Le choix traditionnel en matière de buissons persistants est souvent peu inspiré et se limite aux buis (malheureusement devenus un très mauvais choix), aux ifs, aux rhodos et éventuellement aux houx. Il existe cependant de nombreuses autres possibilités rendues possibles par l’adoucissement du climat. Les persistants sont indispensables pour donner vie et structure au jardin en hiver, tout en créant des refuges précieux pour la petite faune du jardin. Les fusains persistants proposés dans le commerce appartiennent généralement à 2 espèces: Euonymus japonicus, arrivé en occident au 19ème siècle et Euonymus fortunei, nommé pour le botaniste britannique Robert Fortune, également asiatique. Faciles quant au sol et à l’exposition, résistants à la sécheresse et naturellement ordonnés, les fusains persistants offrent beaucoup d’intérêt, à condition de les placer avec discernement. Voici quelques usages envisageables.

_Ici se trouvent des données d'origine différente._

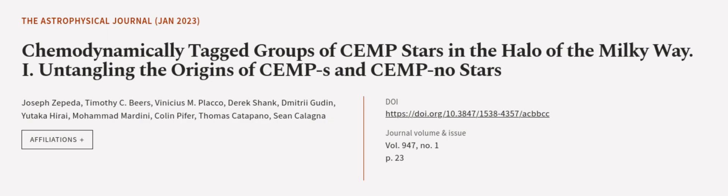This article was authored by Joseph Zepeda, Timothy C. Beers, Vinicius M. Placo, and others. We are article.TV, links in the description below.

Euonymus japonicus: en buisson ou en haie

Le fusain du Japon type a un beau feuillage vert et luisant, au bord finement dentellé. Comme les fusains caducs, ils produit de petites fleurs vertes, suivies de capsules en forme de bonnet d’évêque renfermant de belles arilles orange vif. Dans un climat favorable il peut former un buisson de 4 m de haut. Un très grand nombre de cultivars ont été développés et se trouvent dans le commerce, au point que le choix est difficile car beaucoup se ressemblent. Une série appelée ‘Microphyllus’ a des feuilles beaucoup plus petites et ressemble très fortement au buis, qu’il peut remplacer avantageusement. Il pousse naturellement en forme arrondie mais peut aussi se tailler en topiaire. Euonymus japonicus ‘Microphyllus Green Rocket’ a un port très élancé.

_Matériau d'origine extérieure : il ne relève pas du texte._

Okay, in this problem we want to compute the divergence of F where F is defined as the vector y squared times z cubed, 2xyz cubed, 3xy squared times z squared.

La course pour produire de bons remplaçants pour les haies de buis a rendu le horticulteurs très créatifs. Tout comme les Ilex crenata, les fusains persistants à petites feuilles font bien l’affaire. Dans les verts unis, Euonymus japonicus ‘Green Spire’ (photo) est fréquemment utilisé. Le cultivar ‘Jean Hugues’ est peut-être celui qui ressemble le plus au buis, en voie de devenir l’ersatz par excellence de cette plante souffreteuse. ‘Tom Thumb’ (le Petit Poucet anglais) est une bonne version naine.

On trouve aussi un large choix à bords blanc ou or, notamment à petites feuilles, comme Euonymus japonicus ‘Microphyllus Aureomarginatus’ et ‘Albomarginatus’. Réfléchissez cependant à deux fois avant de planter toute une haie d’une variété panachée: non seulement cela peut être visuellement fatiguant, mais de plus cela ne met pas en valeur les autres plantations.

Je vois quelques exemples autour de chez moi: des fusains panachés de blanc plantés en masse et taillés devant une maison ou une variété or plantée en blocs dans un parking.

Vous noterez que les variégations ne sont pas toujours stables: des branches toutes vertes ont tendance à revenir et des rameaux complètement jaunes ou blancs peuvent aussi apparaître. Ce phénomène spontané explique pourquoi tant de cultivars différents ont pu être produits.

Utilisé en grand buisson dans une haie mélangée ou dans un fond de jardin devant des arbustes sombres (ifs et houx dans ce cas-ci), Euonymus japonicus peut être particulièrement utile et lumineux. Le fait qu’il supporte la mi-ombre et un sol sec permet de le planter sous les arbres; une situation toujours difficile. J’aime particulièrement ‘Président Gauthier’ , un cultivar aux feuilles assez grandes et arrondies qui peut aisément atteindre 2,50 m en tous sens. Les rameaux bien denses et assez courts sont une mine précieuse pour les bouquets en toute saison. Il y en a beaucoup d’autres. Lisez attentivement les étiquettes pour estimer la taille définitive de la plante.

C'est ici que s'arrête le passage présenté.